MARCOS AUGUSTO GONÇALVES
EDITOR DE OPINIÃO

O antropólogo Roberto DaMatta já chamou a atenção para o aspecto "parlamentar" do jogo de vôlei. Nesse esporte, como se sabe, as equipes enfrentam-se a partir dos limites de dois campos opostos, separados por uma rede, não havendo contato físico. É como se os sextetos, com a possibilidade de tocar um número limitado de vezes na bola, encenassem um torneio retórico: um grupo lança seu ataque e o outro procura defender-se e rapidamente organizar uma escaramuça para responder. Esse mecanismo se sucede num longo embate, até que vence aquele que mais pontos conseguir marcar.
Bem diferente é o futebol, no qual os times avançam sobre o terreno do adversário, o contato físico é constante, e nem sempre é possível fazer gols. Num campo de grandes dimensões, ocupado por 22 jogadores, uma das maiores dificuldades é justamente coordenar a passagem da defesa para o ataque, ou seja, a tentativa de chegar à meta adversária em condições de finalizar.
Há diversas maneiras de fazer isso. Em algumas escolas européias, como a italiana, por exemplo, o passe longo -e nem sempre certeiro- é usado com mais freqüência do que no Brasil, onde se desenvolveu a tradição do toque de bola. O bom toque de bola, que para os brasileiros é sinônimo de futebol bem jogado, exige jogadores com certas qualidades técnicas. O passe, mesmo a média e curta distância, dependendo das circunstâncias, não é algo tão fácil como às vezes pode parecer.
Com a intensa globalização do futebol europeu, o uso do toque de bola vai se tornando cada vez mais comum no velho continente. Quem acompanhou a vitória do Barcelona contra o Mallorca pôde observar como o time catalão troca passes. É algo que já se tornou uma tradição, como observou o comentarista da Sportv Marcos Caetano, lembrando que não por acaso o Barça tem contado com forte influência de jogadores brasileiros e holandeses.

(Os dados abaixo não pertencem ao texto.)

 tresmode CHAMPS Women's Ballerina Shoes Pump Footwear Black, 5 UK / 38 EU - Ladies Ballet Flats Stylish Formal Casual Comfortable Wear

Um dos principais traços do técnico da seleção, Carlos Alberto Parreira, é exatamente tirar partido dessa característica de nosso futebol. Parreira transforma o toque de bola em arma tática. Com isso, tenta fazer com que seu time detenha por mais tempo a bola.

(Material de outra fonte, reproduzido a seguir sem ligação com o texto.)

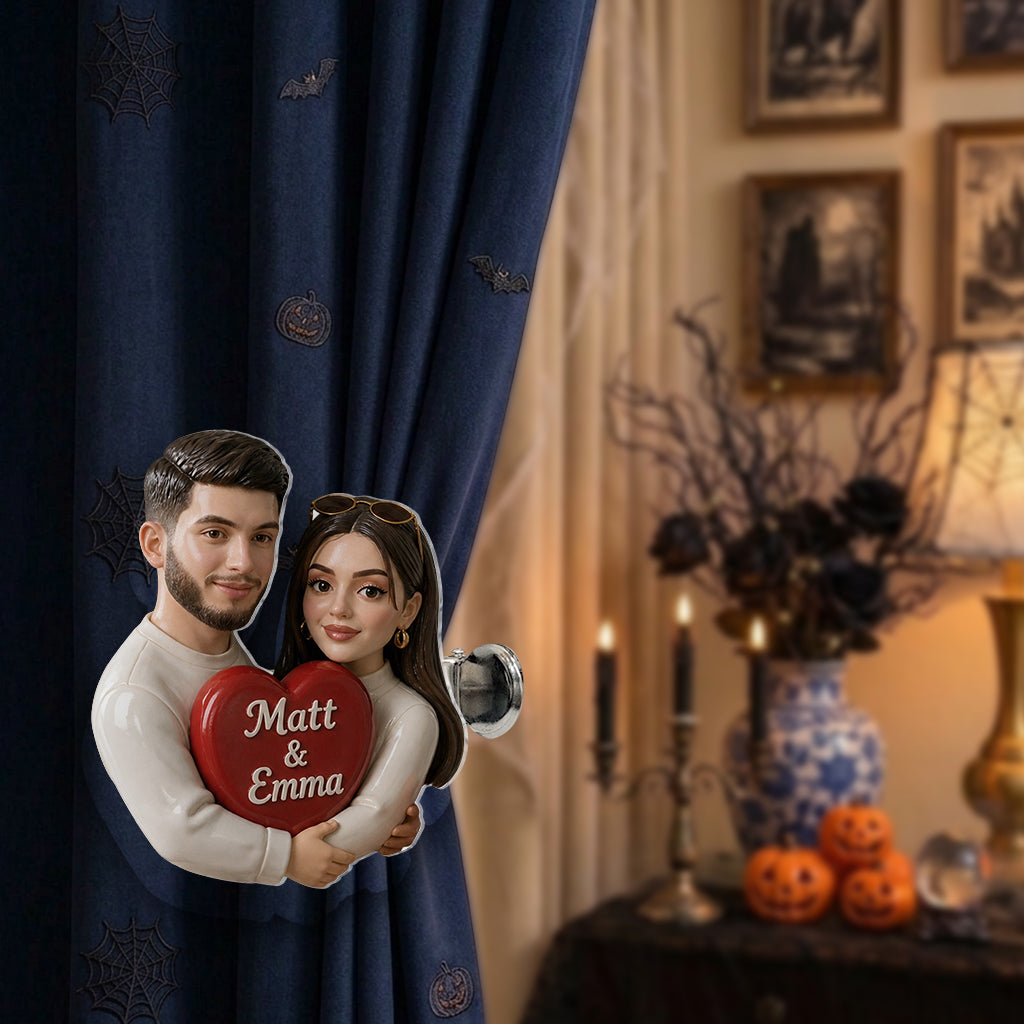 You & Me We Got This - Personalized Couple Curtain Tieback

É uma estratégia inteligente, mas também perigosa. O uso abusivo do toque de bola, com o objetivo tático de retê-la, pode resultar em lentidão e perda de objetividade -como algumas seleções colombianas já demonstraram à exaustão. Acaba-se oferecendo ao adversário a chance de recompor a defesa, e o ataque torna-se mais difícil e previsível.
Para superar esse problema, Parreira conta com a capacidade individual de nossos jogadores. Não deixa de ser uma boa aposta.

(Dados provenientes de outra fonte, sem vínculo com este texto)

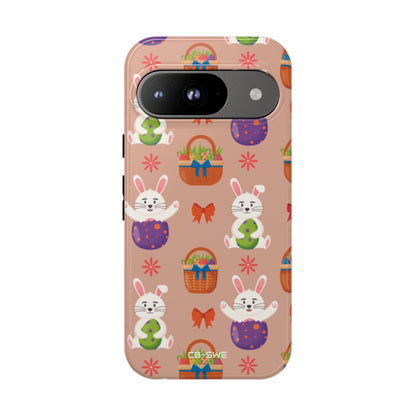 Bunnies Hold Eggs - Google Pixel Case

É claro que a virtude, mais uma vez, está na boa dosagem. Nem o por vezes irritante vai-e-vem da bola das equipes de Parreira, nem os constantes lançamentos por cima do meio-campo de algumas esquadras européias. É preciso saber combinar os dois expedientes e utilizá-los de acordo com o ritmo que se quer imprimir ao jogo.

Crise
Não precisou mais do que um fraco Paulista para mostrar que o Corinthians está longe, mas muito longe mesmo, de ter um time competitivo. Perdeu a classificação no grupo mais fácil da competição e -pior ainda- não conseguiu convencer seus torcedores de que algum coelho sairá daquela cartola. O clube cometeu muitos erros e perdeu tempo, mas ainda pode correr atrás. O melhor a fazer é olhar para o médio e longo prazos, o que é difícil num clube de massas, sempre sob fogo cerrado de torcedores e críticos. O negócio, porém, é ter calma, traçar uma estratégia racional com Oswaldo de Oliveira, repensar as contratações, buscar os reforços ainda possíveis e torcer para isso dar resultado. Não adianta achar que um milagre vai acontecer.